(Items listed in a dataset)
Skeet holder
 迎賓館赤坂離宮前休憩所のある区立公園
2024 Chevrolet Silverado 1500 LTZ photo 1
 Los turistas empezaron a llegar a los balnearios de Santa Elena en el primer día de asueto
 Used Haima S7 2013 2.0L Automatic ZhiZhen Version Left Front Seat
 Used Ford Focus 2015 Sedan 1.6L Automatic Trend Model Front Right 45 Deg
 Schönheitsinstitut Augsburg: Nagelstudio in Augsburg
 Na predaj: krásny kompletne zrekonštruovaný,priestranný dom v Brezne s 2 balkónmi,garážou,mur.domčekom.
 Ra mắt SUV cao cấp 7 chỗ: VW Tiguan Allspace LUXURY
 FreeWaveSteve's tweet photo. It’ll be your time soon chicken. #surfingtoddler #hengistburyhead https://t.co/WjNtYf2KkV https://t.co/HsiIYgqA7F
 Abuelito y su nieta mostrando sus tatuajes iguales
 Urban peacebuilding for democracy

**WHAT THE EXERCISE ASKS:**
Please copy out each line of the data in which the word "photo" occurs.

**EXERCISE OUTPUT:**
2024 Chevrolet Silverado 1500 LTZ photo 1
 FreeWaveSteve's tweet photo. It’ll be your time soon chicken. #surfingtoddler #hengistburyhead https://t.co/WjNtYf2KkV https://t.co/HsiIYgqA7F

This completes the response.